- **What to do**
Without any pictures, print the lines below from the one that has "Zöldséggel tűzdelt csirkemell" through the one that has "MUNSING WEAR Munsingwear", exactly and nothing else.

Brief descriptive captions:
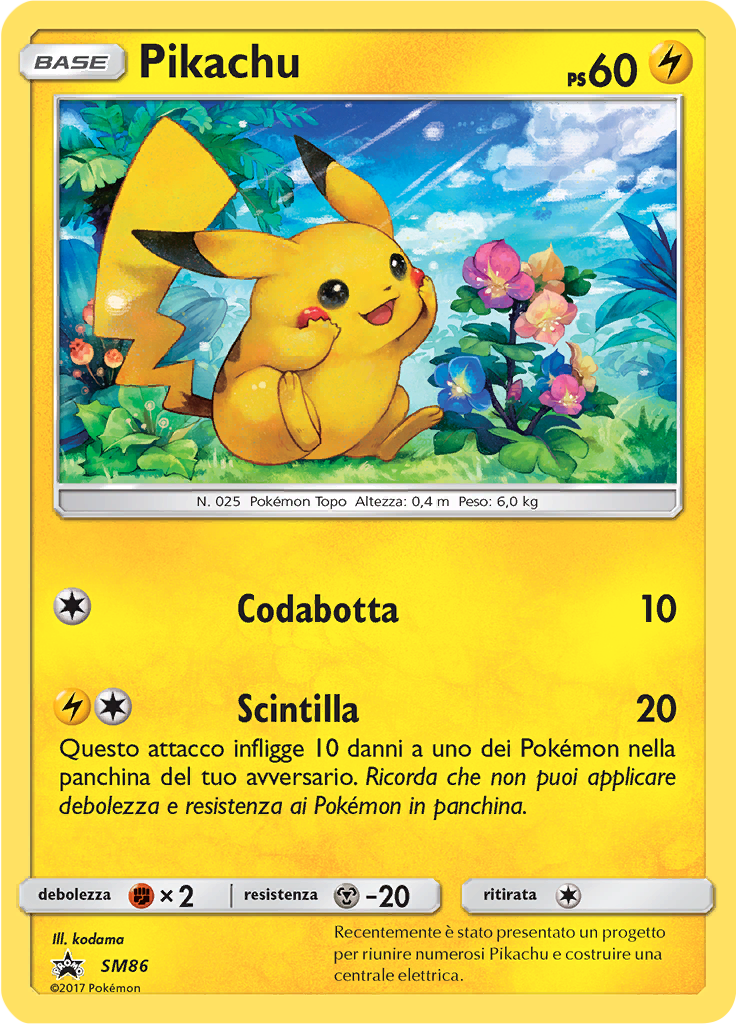 Pikachu #86 — SL Promo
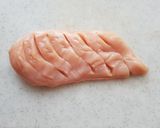 Zöldséggel tűzdelt csirkemell recept fázis 1 fotója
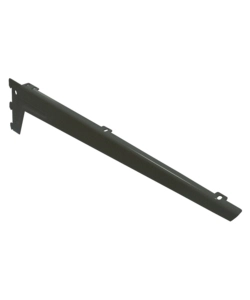 REGGIMENSOLE A 3 GANCI ANGOLATE CON CLIP - 48 CM. - NERO
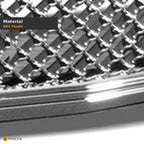 2000-2005 Cadillac DeVille Mesh Front Grille — Chrome — detail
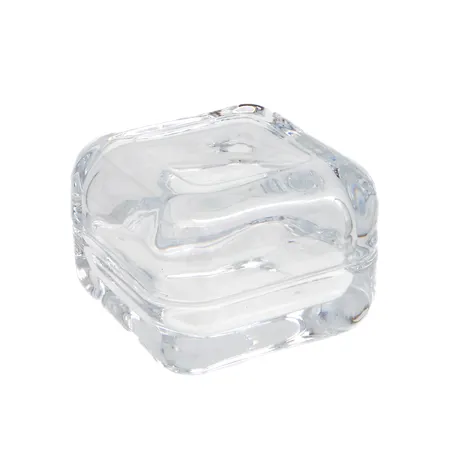 Lasirasia Iittala, Vitriini, 60x60mm, kirkas, pientä käytön jälkeä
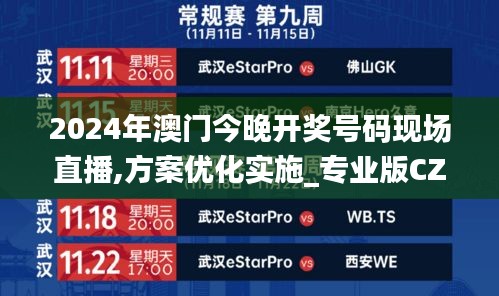 2024年澳门今晚开奖号码现场直播,方案优化实施_专业版CZD19.71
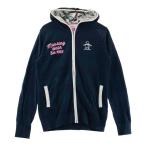 MUNSING WEAR Munsingwear одежда SL4062 с капюшоном длинный рукав вязаный Zip жакет темно-синий серия M Golf одежда женский 
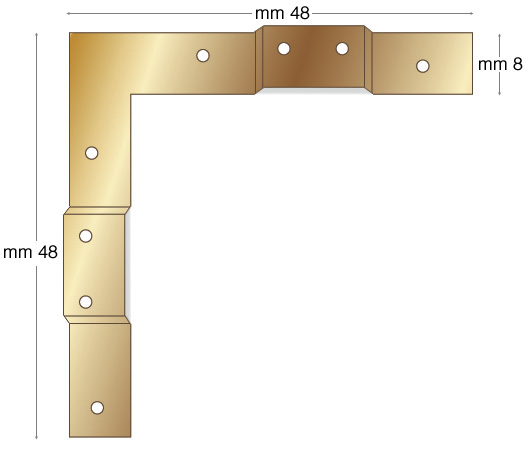 L-shaped corner plates, type A - Pack 100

- **Task answer**
 Zöldséggel tűzdelt csirkemell recept fázis 1 fotója
 REGGIMENSOLE A 3 GANCI ANGOLATE CON CLIP - 48 CM. - NERO
 2000-2005 Cadillac DeVille Mesh Front Grille — Chrome — detail
 Lasirasia Iittala, Vitriini, 60x60mm, kirkas, pientä käytön jälkeä
 2024年澳门今晚开奖号码现场直播,方案优化实施_专业版CZD19.71
 MUNSING WEAR Munsingwear одежда SL4062 с капюшоном длинный рукав вязаный Zip жакет темно-синий серия M Golf одежда женский 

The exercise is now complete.